In a presentation hosted by the Department of Social Development on Tuesday (26 October), Sachs said that a decision to borrow money for the new grant would be dependent on two factors:

  • The current state of the economy;
  • Government’s fiscal position.

Ultimately, even if the government does decide to borrow instead of raising taxes directly, Sachs said that the issue of expenditures and taxes cannot be separated and that it was ultimately just a ‘sequencing issue’.

“We might say let’s introduce the expenditure first and wait a year or two before we introduce the taxes. But eventually, in the next year or two, every rand that we spend on income support means an extra rand of taxation. Either now or in the very near future.”

While there are several ways that the government could extract this money – including money-printing, conscription and borrowing – Sachs said that taxation is the most transparent, accountable, progressive and efficient mechanism.

Tax has also proven to be the only mechanism that is compatible with sustained economic growth, he said.

“In my view, in the medium-term, the only dependable sources of revenue are Personal Income Tax (PIT) and value-added tax (VAT).

“These two instruments have several important properties, but most importantly, they exist. A tax that exists and has been shown to raise revenue is a much stronger candidate compared to a tax that only exists as a concept in somebody else’s mind.”

While the government could introduce further taxes in the future, in the initial period, these two taxes will have to carry the burden, Sachs said.


Sachs said that PIT is likely to favour the government as it is highly progressive and is concentrated very strongly on the country’s affluent households.

“VAT is broad-based, and that means that this is a dependable source of revenue. So when you are financing something like basic income support, you don’t want the revenue source to go up and down year after year.”
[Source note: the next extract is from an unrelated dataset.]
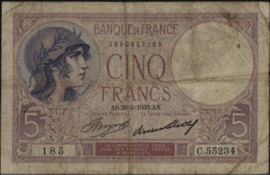 Frankrijk  P72 5 Francs 1933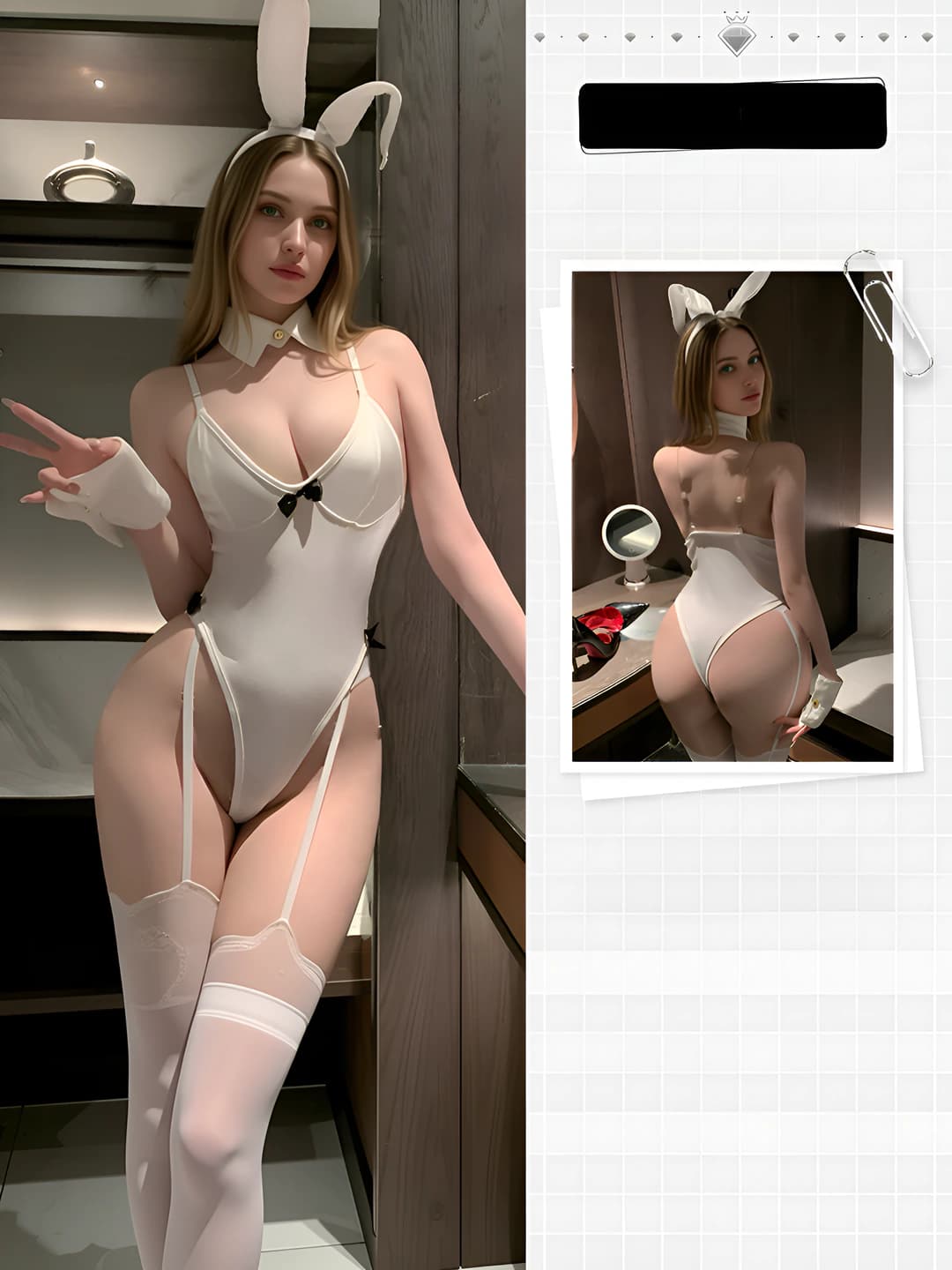 One-piece bunny set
He pointed to Corporate Income Tax (CIT) as a revenue stream that is comparatively more volatile. However, Sachs said that there are still issues with both PIT and VAT that government would have to grapple with.

“If you concentrate all of your tax on a small segment of the population, you face the danger of that tax base being eroded and that tax base becoming less dependable going forward.”

This means that PIT is most suitable from an equity point of view, while VAT is likely to be more effective as a revenue generation tool, he said.

Budget expected to provide clarity 

Finance minister Enoch Godongwana is expected to clarify the feasibility of a basic income grant for South Africa when he presents his medium-term budget policy statement (MTBPS) on 11 November.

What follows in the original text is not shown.